Lumibot vs TradingAgents¶
TradingAgents helped prove that people want multi-agent financial research workflows. It is a strong research/demo project for showing how analyst, trader, and risk-style agents can reason together.
Lumibot is different because the AI team runs inside a Python trading framework that already supports backtests, broker objects, orders, positions, artifacts, and live execution paths.
Where TradingAgents Fits¶
TradingAgents is useful when you want to study or prototype a multi-agent LLM financial research flow.

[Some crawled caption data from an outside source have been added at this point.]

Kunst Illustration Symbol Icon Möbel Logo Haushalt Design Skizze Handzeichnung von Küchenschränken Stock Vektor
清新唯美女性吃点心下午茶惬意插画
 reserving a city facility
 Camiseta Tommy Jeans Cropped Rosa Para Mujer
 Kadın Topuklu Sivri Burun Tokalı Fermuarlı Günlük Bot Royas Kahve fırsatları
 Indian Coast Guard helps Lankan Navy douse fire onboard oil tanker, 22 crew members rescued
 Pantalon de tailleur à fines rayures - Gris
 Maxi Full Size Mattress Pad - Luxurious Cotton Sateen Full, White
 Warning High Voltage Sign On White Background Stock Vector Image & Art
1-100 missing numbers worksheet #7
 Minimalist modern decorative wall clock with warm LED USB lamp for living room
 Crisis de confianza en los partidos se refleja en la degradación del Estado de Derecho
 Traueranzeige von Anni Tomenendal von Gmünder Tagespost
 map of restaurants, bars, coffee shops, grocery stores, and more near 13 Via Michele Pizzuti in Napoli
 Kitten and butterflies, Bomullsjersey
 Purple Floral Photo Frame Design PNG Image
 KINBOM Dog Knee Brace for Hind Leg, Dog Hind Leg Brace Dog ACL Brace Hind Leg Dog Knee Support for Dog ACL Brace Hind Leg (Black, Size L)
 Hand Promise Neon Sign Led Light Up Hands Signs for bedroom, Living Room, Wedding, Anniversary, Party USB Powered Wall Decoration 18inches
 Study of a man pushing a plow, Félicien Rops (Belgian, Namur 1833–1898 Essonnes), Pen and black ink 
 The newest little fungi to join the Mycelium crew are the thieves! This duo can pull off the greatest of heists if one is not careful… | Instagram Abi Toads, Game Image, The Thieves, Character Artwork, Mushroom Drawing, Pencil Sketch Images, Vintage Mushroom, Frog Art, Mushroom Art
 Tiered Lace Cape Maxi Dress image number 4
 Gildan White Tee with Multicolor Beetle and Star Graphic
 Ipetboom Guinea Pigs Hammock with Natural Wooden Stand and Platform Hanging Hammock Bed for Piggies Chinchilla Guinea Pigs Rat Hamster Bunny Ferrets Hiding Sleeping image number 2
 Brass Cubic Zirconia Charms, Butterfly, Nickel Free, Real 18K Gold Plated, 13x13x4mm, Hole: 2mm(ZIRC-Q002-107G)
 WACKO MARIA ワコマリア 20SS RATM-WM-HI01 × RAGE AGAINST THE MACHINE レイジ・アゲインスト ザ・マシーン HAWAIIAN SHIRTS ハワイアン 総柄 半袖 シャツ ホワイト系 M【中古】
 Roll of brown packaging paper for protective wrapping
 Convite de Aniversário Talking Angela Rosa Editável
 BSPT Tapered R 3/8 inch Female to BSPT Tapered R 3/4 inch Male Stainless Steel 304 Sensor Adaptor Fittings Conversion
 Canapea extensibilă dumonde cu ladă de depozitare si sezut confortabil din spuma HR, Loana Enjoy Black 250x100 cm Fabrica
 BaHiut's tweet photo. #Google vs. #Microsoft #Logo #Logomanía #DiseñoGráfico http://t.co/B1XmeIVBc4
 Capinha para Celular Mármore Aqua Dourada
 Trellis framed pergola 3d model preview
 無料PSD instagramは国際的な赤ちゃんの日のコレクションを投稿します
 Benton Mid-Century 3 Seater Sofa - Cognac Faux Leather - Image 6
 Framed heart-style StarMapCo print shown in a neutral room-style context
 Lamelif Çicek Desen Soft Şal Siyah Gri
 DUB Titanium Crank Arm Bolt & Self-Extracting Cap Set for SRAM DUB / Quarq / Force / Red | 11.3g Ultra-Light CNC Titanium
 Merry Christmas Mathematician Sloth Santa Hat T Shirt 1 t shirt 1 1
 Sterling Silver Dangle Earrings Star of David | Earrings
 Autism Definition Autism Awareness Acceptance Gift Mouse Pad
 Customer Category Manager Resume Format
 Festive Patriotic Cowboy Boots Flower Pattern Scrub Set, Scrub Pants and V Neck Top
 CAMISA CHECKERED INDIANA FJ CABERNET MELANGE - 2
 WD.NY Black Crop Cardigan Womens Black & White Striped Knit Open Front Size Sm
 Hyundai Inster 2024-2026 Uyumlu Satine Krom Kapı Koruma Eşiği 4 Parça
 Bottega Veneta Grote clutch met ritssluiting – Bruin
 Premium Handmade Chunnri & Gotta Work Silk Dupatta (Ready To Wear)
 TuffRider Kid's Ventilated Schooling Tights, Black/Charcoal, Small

Its core appeal is the agent structure: analysts, debate, and portfolio-style decision making.
Where Lumibot Fits¶
Use Lumibot when you want that kind of agent structure to become a strategy you can backtest, inspect, paper trade, and connect to supported brokers.
Lumibot supports:
deterministic Python strategies and AI-agent strategies in the same framework
AI trading teams with read-only research agents and trading-permission agents
backtest artifacts such as charts, orders, trade files, logs, traces, and tearsheets
paper and live broker paths for supported brokers
BotSpot hosted backtests, broker connections, deployment, monitoring, alerts, audit history, MCP tools, and kill-switch controls
Short Version¶
TradingAgents is a strong multi-agent research framework. Lumibot is the practical strategy framework when you want AI trading teams that can be backtested and operated with real broker paths.